His sentiments were shared by Rik Campbell, the co-owner of Kricket, who told the Standard: “I’m feeling inspired, it’s an innovative plan and it feels like the government are doing what needs to be done – supporting the right businesses and asking for contributions from those that can afford it.”

That said, not everyone was quite so sanguine. Various Eateries boss Yishay Malkov said he hoped that communication between the hospitality industry and Government would improved over the coming months. “The extension of furlough is to be welcomed but in many cases is ‘too little, too late’ as furlough supports the employee, not the business and still costs them to maintain. Many will have to lay off their teams as they simply have no cash left to sustain this scheme.

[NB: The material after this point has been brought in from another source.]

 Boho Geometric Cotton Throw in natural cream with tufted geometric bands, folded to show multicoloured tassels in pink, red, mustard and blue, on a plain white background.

“We would like the hospitality industry’s relationship with the government to be a true partnership moving forward, based on mutual respect, trust and evidence based decisions. Only this will ensure the future success of the industry.”

Jeremy Simmonds, the co-founder Competitive Socialising, which looks after mini-golf bars Swingers, likewise warned that job losses were not being avoided but merely delayed.

“The budget was largely as predicted. The big news is the extension of the furlough scheme, which is welcomed by many,” said Simmonds, “However, I can’t help but feel that the scheme has masked the deep pain and unfair treatment suffered by the UK hospitality industry during the pandemic. Our business has traded for about two months out of the last year and the government support has been wholly inadequate.

“The reality is that the vast sums invested in the furlough scheme will, due to the lack of comprehensive business support, only have served to delay job losses. To protect jobs the government needs to protect the underlying businesses that provide the jobs.”

Writing on Twitter, UK Hospitality chief executive Kate Nicholls urged Mr Sunak to support restaurants and bars in order to make good on his promises of invigorating job growth across the country. “If govt wants to deliver jobs, growth and investment at pace across UK then it needs a robust and resilient hospitality sector [sic]” said Nicholls.

Bocca di Lupo’s Jacob Kenedy was more scathing: “The last time the Government tried to compromise and protect both the NHS and the economy it failed miserably, and lives were lost. Today Rishi compromises to try to protect both the government finances, and the businesses and people who make the economy. Let us pray this compromise does not fail so miserably as the last.”

Chris Galvin, who co-owns the Galvin Brothers restaurant group, warned that while the Budget offered some good news, the fallout of Brexit means staffing will continue to be an issue. “We are pleased that the furlough will be extended to help protect jobs through until September, this flexibility will hopefully prevent more loss of jobs, and the VAT and rate extension was a must to give us any chance of recovery,” Galvin said.

“But many people forget two important things. The first is that through no fault of ours, we have been prevented from working and earning a living and for the best part of seven months we have lost trade. The second is how Brexit has slipped of the front page unnoticed and besides the issues of supply which will start in April, from June 30 it will be almost impossible to recruit from outside the UK,  because the government considers hospitality unskilled.

“In London, most of the hospitality industry employs over 80 per cent of their staff from Europe, so now, from June, if we want to employ from outside our borders we must become sponsors at great cost, and then only employ those with a degree or similar earning a minimum of £25,600. This applies not only to us in hospitality but to nursing, cleaners, builders and the whole underbelly of London that’s keeps it running."